3
votes

Hi i have kernel function, where i need to compare bytes. Area where i want to search is divided into blocks, so array of 4k bytes is divided to 4k/256 = 16 blocks. Each thread in block reads array on idx and compare it with another array, where is what i want to search. I've done this by two ways:

1.Compare data in global memory, but often threads in block need to read the same address.

2.Copy data from global memory to shared memory, and compare bytes in shared memory in the same way as mentioned above. Still problem with same address read. Copy to shared memory looks like this:

myArray[idx] = global[someIndex-idx];
whatToSearch[idx] = global[someIndex+idx];

Rest of the code is the same. Only operations on data in example 2 are performed in shared arrays.

But first option is about 10% faster, than that with the shared memory, why?? Thank you for explanations.

2
Please post a complete example. Without it all of the current answers are pure speculation. Your comments on the answers below are not enough to make it clear what you are doing.harrism

2 Answers

12
votes

If you are only using the data once and there is no data reuse between different threads in a block, then using shared memory will actually be slower. The reason is that when you copy data from global memory to shared, it still counts as a global transaction.

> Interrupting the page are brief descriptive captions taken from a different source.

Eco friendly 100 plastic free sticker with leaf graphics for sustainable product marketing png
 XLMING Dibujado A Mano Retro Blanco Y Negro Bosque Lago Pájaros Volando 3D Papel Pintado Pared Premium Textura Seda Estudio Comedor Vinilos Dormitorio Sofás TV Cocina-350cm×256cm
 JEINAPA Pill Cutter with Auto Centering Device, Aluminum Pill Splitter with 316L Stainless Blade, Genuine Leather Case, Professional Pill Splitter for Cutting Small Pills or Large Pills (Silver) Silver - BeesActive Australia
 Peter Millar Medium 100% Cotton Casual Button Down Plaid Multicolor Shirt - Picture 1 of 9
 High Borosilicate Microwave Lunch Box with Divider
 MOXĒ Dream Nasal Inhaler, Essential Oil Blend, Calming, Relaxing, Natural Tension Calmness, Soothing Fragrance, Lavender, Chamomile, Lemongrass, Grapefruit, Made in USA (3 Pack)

Reads are faster when you read from shared memory, but it doesn't matter because you already had to read the memory once from global, and the second step of reading from shared memory is just an extra step that doesn't provide anything of value.

So, the key point is that using shared memory is only useful when you need to access the same data more than once (whether from the same thread, or from different threads in the same block).

1
votes

You are using shared memory to save on accesses to global memory, but each thread is still making two accesses to global memory, so it won't be faster. The speed drop is probably because the threads that access the same location in global memory within a block try to read it into the same location in shared memory, and this needs to be serialized.

I'm not sure of exactly what you are doing from the code you posted, but you should ensure that the number of times global is read from and written to, aggregated across all the threads in a block, is significantly lower when you use shared memory. Otherwise you won't see a performance improvement.